Incluso hay un tratamiento peligroso del sexo, extremo cuando de literatura se trata, zoofilia incluida (Capítulo 10. Ay, Atencio, compadre). Es cierto que si se es un escritor cubano se entenderán guiños y situaciones implícitas, explícitas, que alguien ajeno al mundillo literario no alcanzaría a notar de inmediato, pero dudo que al terminar la obra no haya sido bien ilustrado acerca de ese mundillo; y eso es precisamente lo que la buena literatura hace, ilustrar, de no ser así, para qué leer.
Esta es novela incómoda y continuará haciéndolo:
“Los Novísimos, para mi gusto, eran una triste generación de segundones, de tipos incapaces de escribir lo que hacía falta, de cómodos mamalones de la teta institucional. No habían hecho una sola novela con vergüenza, un solo libro de cuentos que valiera, y como poetas resultaban incoherentes, caprichosos, experimentales a pulso, iconoclastas en apartamentos de microbrigada…”
“…militantes de la mariconería organizada, del lesbianismo chato, víctimas de antologadores de ocasión, pastos de eventos literarios, pirañitas de concursos acoplados, plañideras frente a la injusticia de los viejos escritores atrincherados en sus cargos públicos…”
“… escribían a favor o en contra del gobierno, pero sin miaja, sin bomba, sin demonio.

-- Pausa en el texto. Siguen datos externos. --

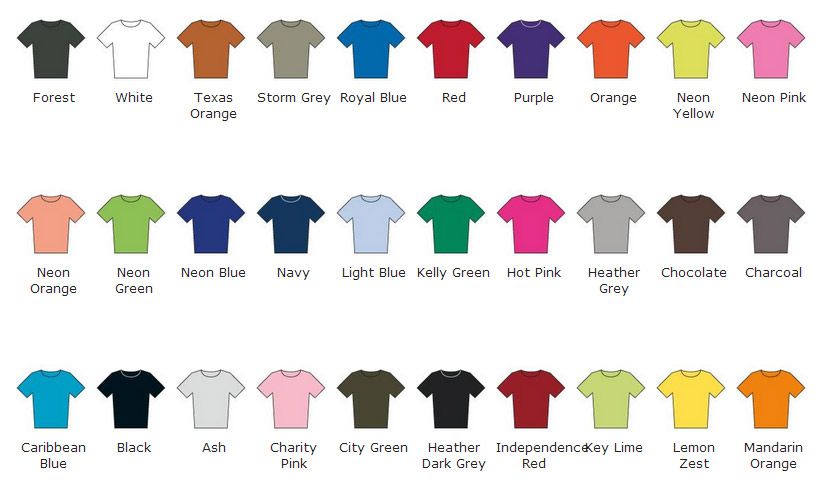 colour chart for anvil tear away label tees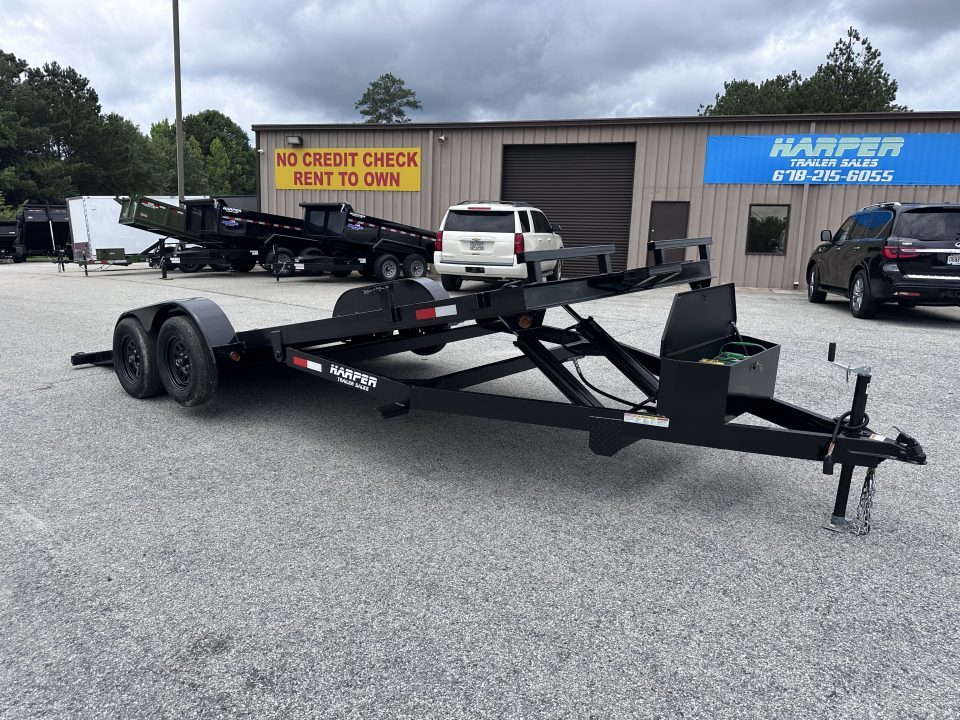 New 2027 7x20 7K HYDRAULIC TILT STEEL FLOOR CAR HAULER WITH DROP AXLES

Jamás protestaban, ni pronunciaban una queja coherente, eran incapaces de concertar una buena reunión por cuenta propia, perseguían a los editores extranjeros, caían como palomas a sus pies y se acomodaban a las exigencias del mercado con una desvergüenza increíble. Hablaban mal unos de otros, se ponían trampas entre sí, cáscaras de plátano entre sí, para lograr, por ejemplo, un simple viaje a una feria del libro.”
Tampoco escapa a esta excelente mirada crítica dividida en capítulos la burla en la que se han convertido muchas citas literarias en la isla, repetitivas, dispuestas para promocionar muchas veces a quienes no merecen ninguna promoción, eso y más se refleja en el capítulo 30: Reunión de Escritores.
Ahora, esta dolorosa vuelta por las miserias del mundillo literario, y el otro mundillo que nos toca a todos, viene desde un lenguaje hermoso, no minimalista a lo cubano –¡gracias a Dios!–, sino suelto, natural, sincero, sobre todo sincero y original, sí, eso, original, distante de la cuestión repetitiva que nos invade cuando de nueva literatura se trata. Y, sobre todo, entretenido. No puedo creer que acabo de escribir esa palabra en una reseña, la escribiré de nuevo: en-tre-te-ni-do. Es claro que el propósito estuvo en la mente del señor Guerra:
“De nada vale aburrir a los lectores, ¿para qué cansarlos, para qué agotarlos? De nada vale competir con el colega inmediato y perderse en la niebla del corrillo literario, es preferible, mil veces, llegarse al Madoka, buscar una pareja entre esos hombres de pueblo, entre esas criaturas de visión insuperable, y jugar la partida de turno como si fuera la última. Eso es ser maestro, eso es ser Juan Rulfo, no más que eso. Gracias.”